Either way, now that the update is working and we are all beginning to see the results, it’s time to take stock and, with the help of London SEO company Grapefruit Marketing (www.thegrapefruit.co.uk), see what the update really meant for businesses.
Just in case you managed to miss the discussions on the new update and have a few questions about what this could mean for your rankings, here’s an overview – Google have altered how they rank websites when searched for via a smartphone based on how mobile friendly the site is. So while sites may have been top of the rankings before the update, if their site wasn’t optimized to be viewed and used on a mobile, they would vanish from those mobile search results.

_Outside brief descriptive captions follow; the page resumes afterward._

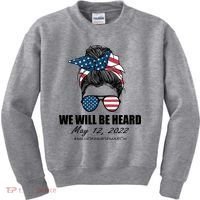 Million Nurse March We Will Be Heard Messy Bun USA Kids Sweatshirt thumb 0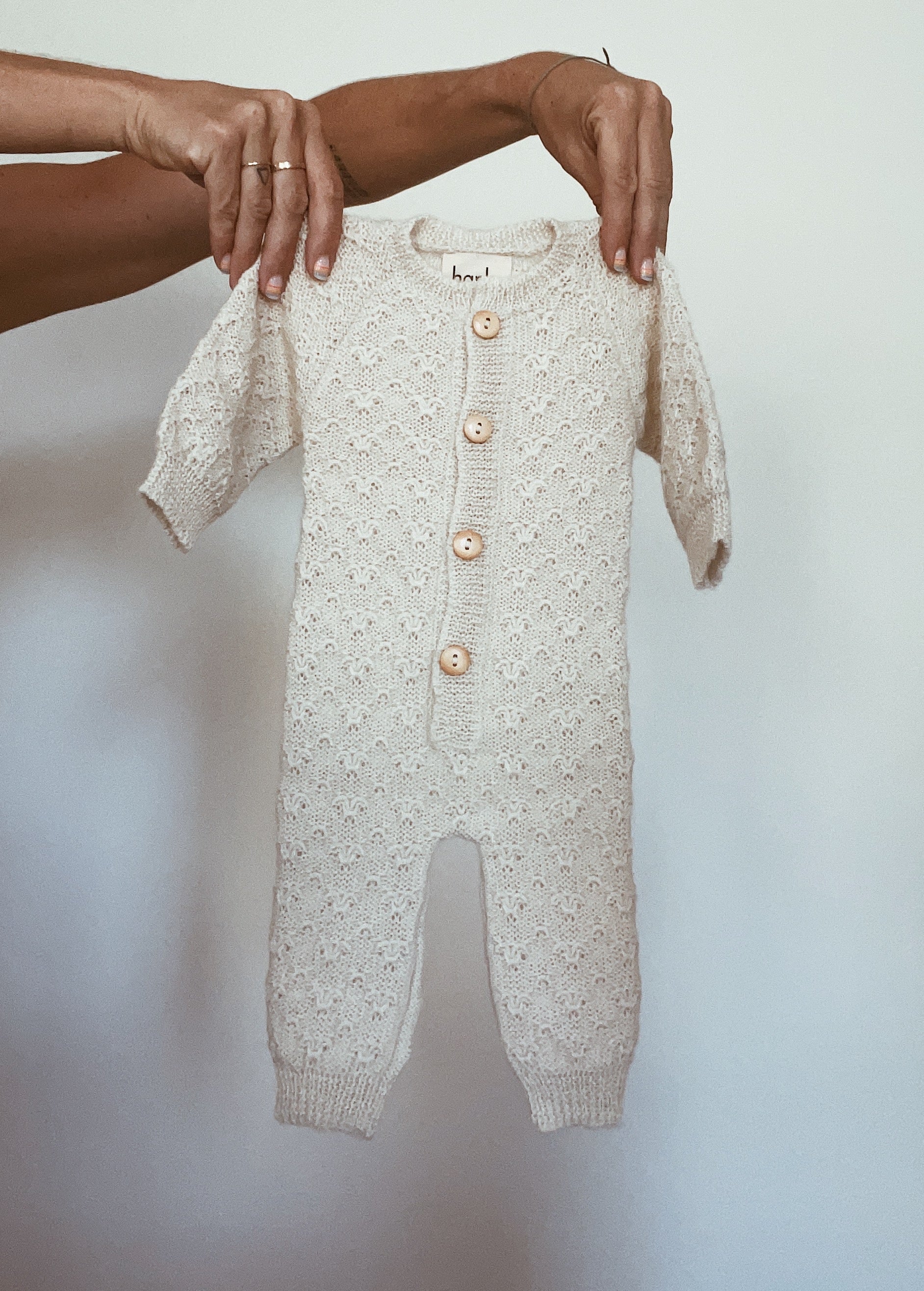 Albert Full Length Knit Romper - Cloud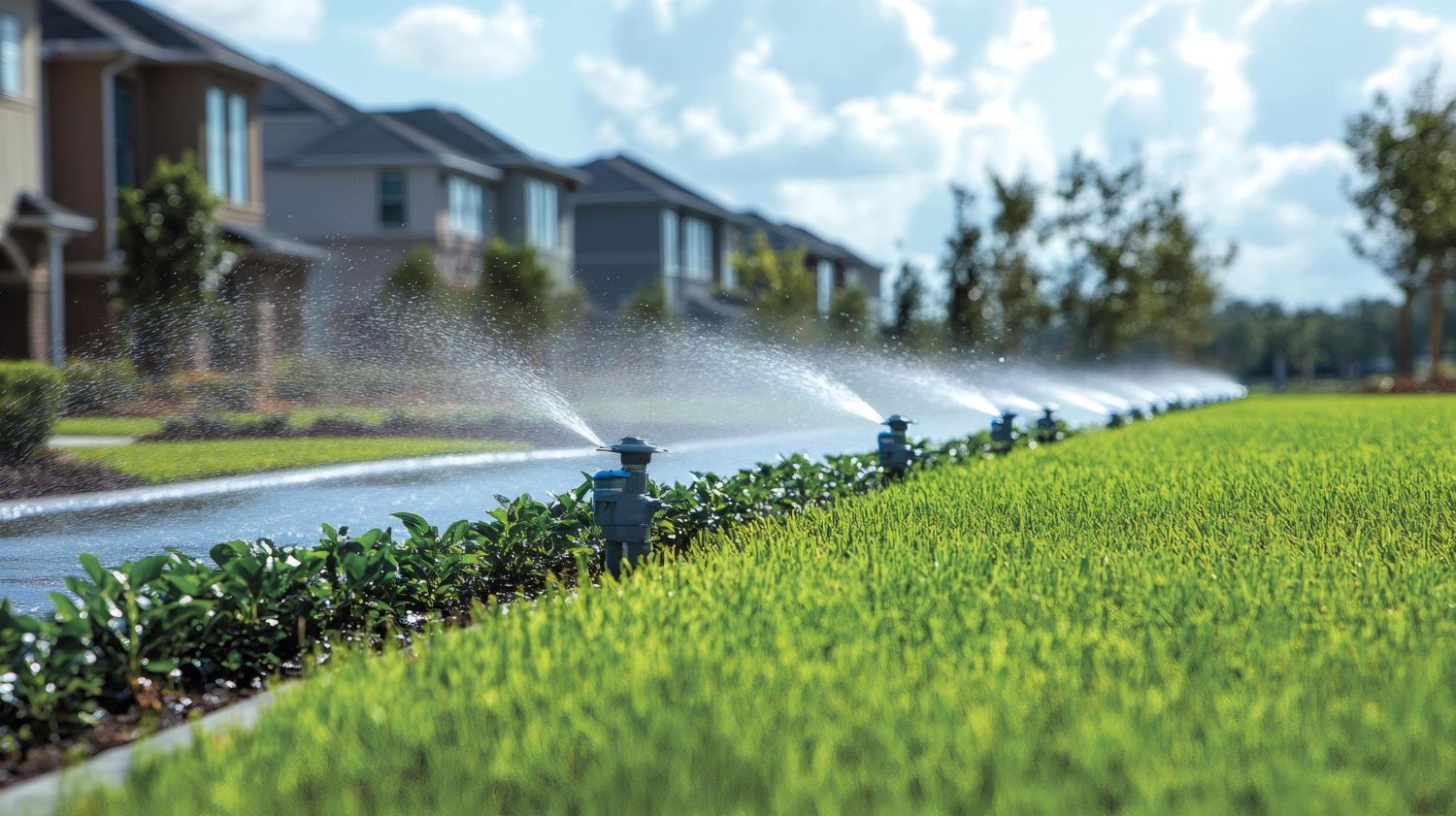Sprinklers watering a green lawn in front of suburban homes on a sunny day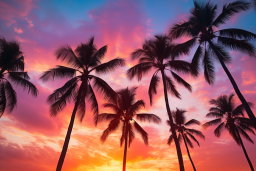 palmiers contre un coucher de soleil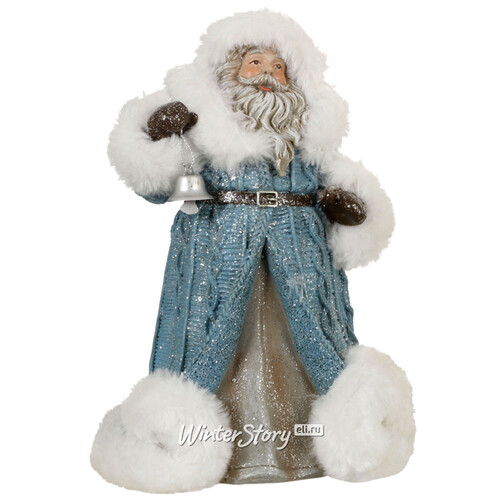 Статуэтка Дед Мороз с колокольчиком в голубой шубке 20 см Edelman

This is particularly relevant when people are searching for a local business. Your car breaks down and you search for the nearest Ford garage to your location. There might be one in the next street but if their website isn’t mobile optimised and the one five miles away is, the second one will appear top of the rankings.

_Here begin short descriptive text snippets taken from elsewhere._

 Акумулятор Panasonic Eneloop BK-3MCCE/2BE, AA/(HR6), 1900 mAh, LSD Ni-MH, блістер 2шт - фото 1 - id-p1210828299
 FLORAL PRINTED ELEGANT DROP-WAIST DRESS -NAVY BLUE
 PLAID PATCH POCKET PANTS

It isn’t just local searches when you need info in a hurry that the mobile market is important for. Look at the example of Starbucks – they jumped into the mobile internet market from an early stage and as of last month, a huge 16% of their transactions in North America come from mobile, according to www.venturebeat.com meaning that this business has added around $30 billion to their profits each year.
In fact, the mobile market as a whole is now thought to account for in excess of $500 billion in sales, with some 20% of all in store transactions being influence by something on the mobile, according to www.enterpreneur.com. And industry experts think this will continue to increase – Starbucks again are expecting the proportion of sales through a mobile to increase to over 50% within the next twelve months.

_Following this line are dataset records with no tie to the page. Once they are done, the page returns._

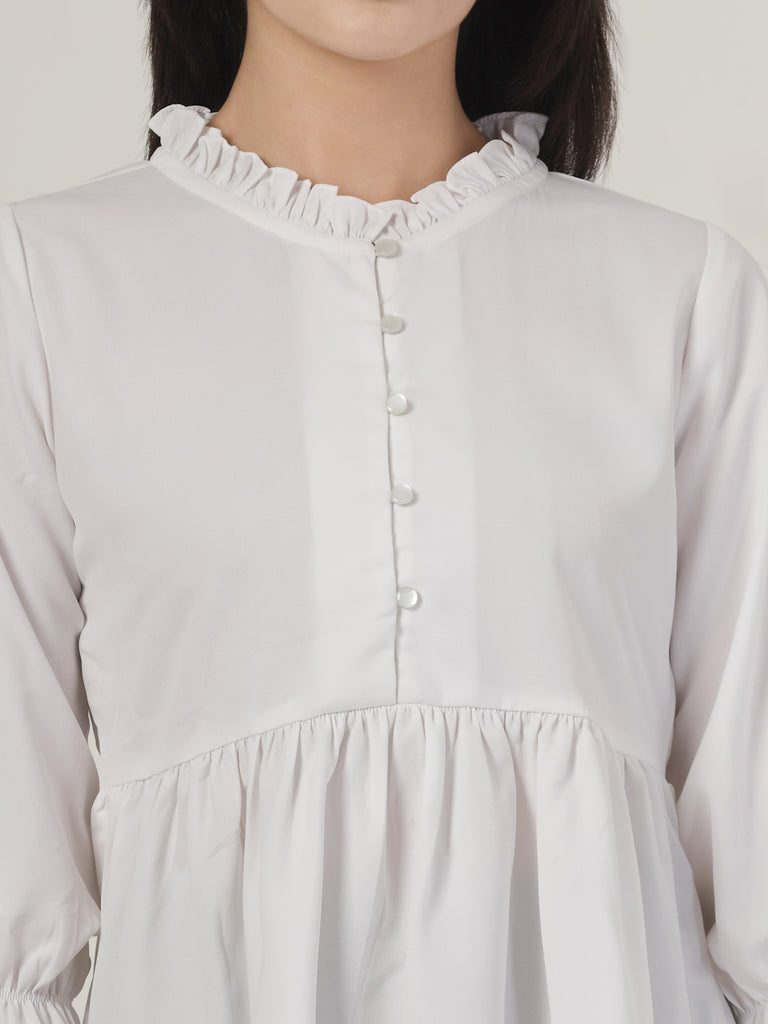 Style Quotient Women Solid White Polymoss Regular Fit Smart Casual Top-Tops-StyleQuotient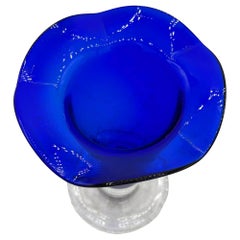9” Tall Dark Cobalt Blue Art Glass Hand-blown Vase w/ Ruffle Top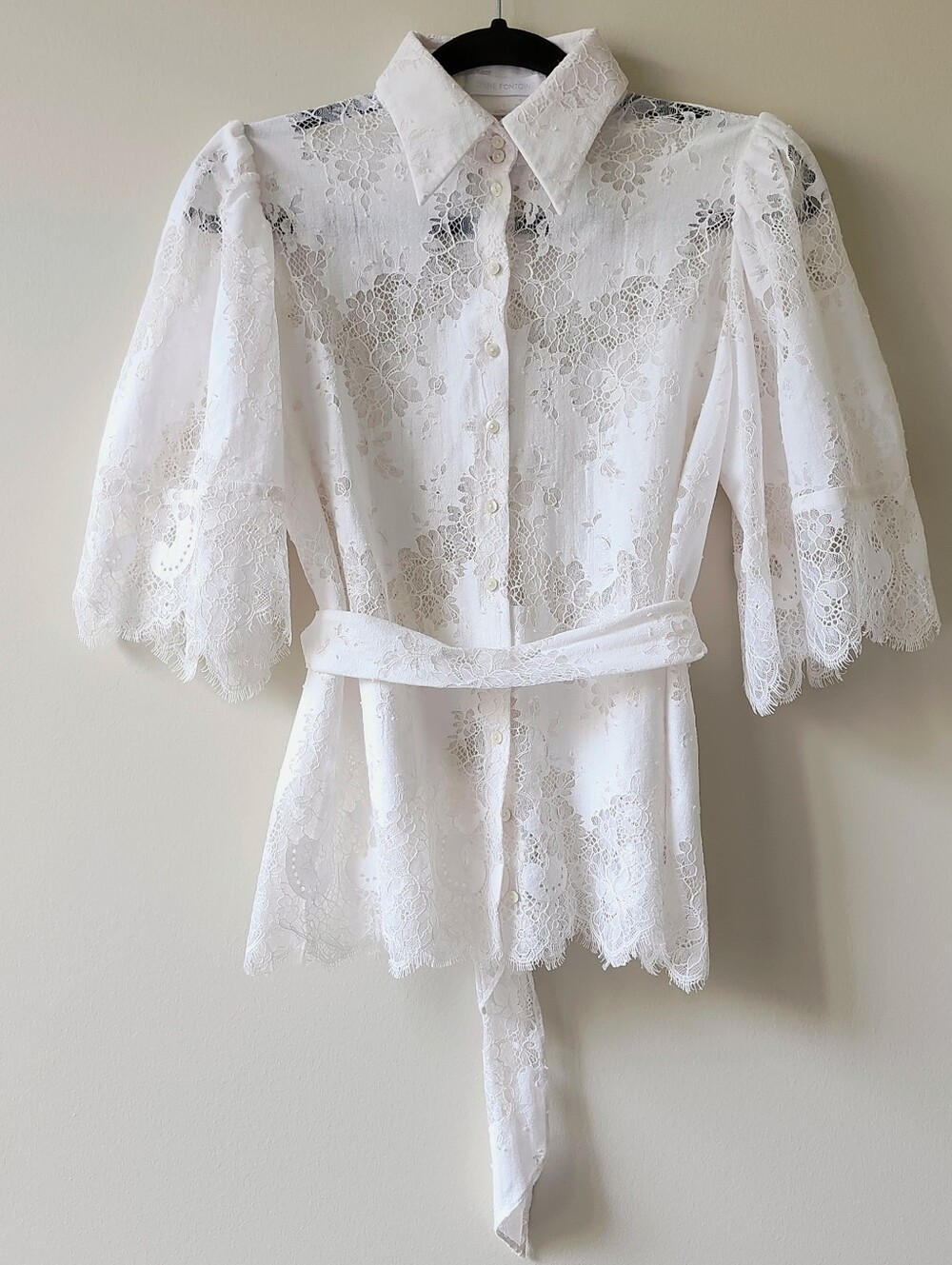 Anne Fontaine White Lace Collared Blouse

And while most of us aren’t Starbucks, there are lessons to be learned for businesses of all shapes and sizes. The mobile friendly update doesn’t have to be a millstone around our necks, leading us to worry constantly about if our website meets the standard. The solution is simple – get an expert to turn their eye to the site and give it a health check. Once it is healthy for the mobile world, then the same principles apply to a normal site.
If your website isn’t mobile friendly, then the quicker than you properly remedy the problem, the better. Look at your competitors to see what they do with the mobile version of their website and use this as inspiration. Another element is to aim ads specifically at mobile customers – if it works for Amazon, then it can work for everyone on a different scale. But if you don’t look at the mobile version of your site, you could quickly be relegated to the lower pages of a search or worse, not even appear at all.